I am working on a Dynamic Structural Equation model and I am having trouble generating log likelihood values for model comparisons. I am new to SEM in Stan and I am lost about how to proceed, I tried doing multidimensional arrays of likelihood values for each “node” but it ended up going nowhere. I am looking for some advice on how to proceed or any resources on how to properly program in the information I am looking for.

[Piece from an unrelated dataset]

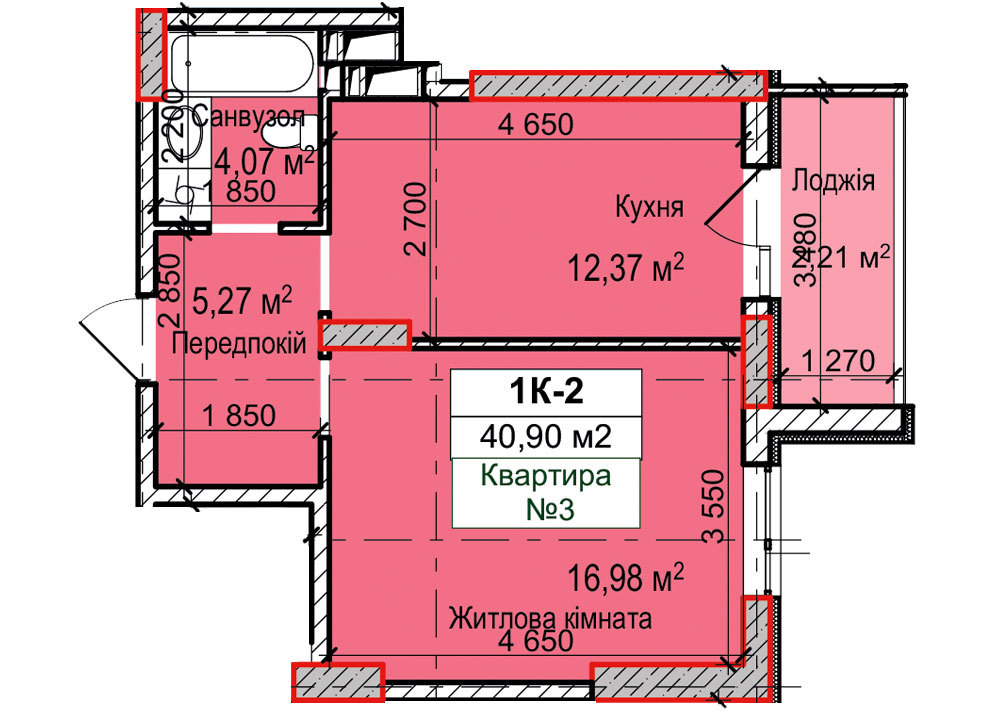 1-кімнатна 40.9 м² в ЖК Вишгород Сіті Парк від 16 300 грн/м², м. Вишгород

If anyone is curious, the code I am using so far looks like this:

data {
  int<lower=1> N_tanks;
  int<lower=1> N_time;
  int<lower=1> N_sal;

  matrix[N_tanks, N_time] log_chl;
  matrix[N_tanks, N_time] log_zoop;

  int<lower=1> N_obs_anuran;
  vector[N_obs_anuran] log_anuran_obs;
  array[N_obs_anuran] int<lower=1> tank_id_anuran;
  array[N_obs_anuran] int<lower=1> time_id_anuran;

  array[N_tanks] int<lower=1, upper=N_sal> sal_idx;
}

parameters {
  // --- Chl-a (tank level) ---
  vector[N_sal] alpha_chl;        // intercept per salinity level
  real phi_chl;                   // autoregression coefficient
  vector[N_tanks] u_chl;          // tank random intercepts
  real<lower=0> tau_chl;          // SD of tank random intercepts
  real<lower=0> sigma_chl;        // residual SD

  // --- Zooplankton (tank level) ---
  vector[N_sal] alpha_zoop;       // intercept per salinity level
  real phi_zoop;                  // autoregression coefficient
  vector[N_tanks] u_zoop;         // Tank random intercepts
  real<lower=0> tau_zoop;         // Tank Random SD
  real<lower=0> sigma_zoop;       // residual SD
  real beta_t_chl_to_zoop;        // Chl(t) -> Zoop(t)
  real beta_t1_chl_to_zoop;       // cross-lagged: Chl(t-1) -> Zoop(t)


  // --- Anuran (latent tank mean + enclosure noise) ---
  vector[N_sal] alpha_anuran;     // intercept oer salinity level
  real phi_anuran;                // autoregression coeff
  vector[N_tanks] u_anuran;       // Tank random intercepts
  real<lower=0> tau_anuran;       // Tank Random SD
  real<lower=0> sigma_anuran;     // enclosure-level residual SD
  real beta_t_chl_to_anuran;        // Chl(t) -> Anuran(t)
  real beta_t_zoop_to_anuran;       // Zoop(t) -> Anuran(t)
  real beta_t1_chl_to_anuran;      // cross-lagged: Chl(t-1) -> Anuran(t)
  real beta_t1_zoop_to_anuran;     // cross-lagged: Zoop(t-1) -> Anuran(t)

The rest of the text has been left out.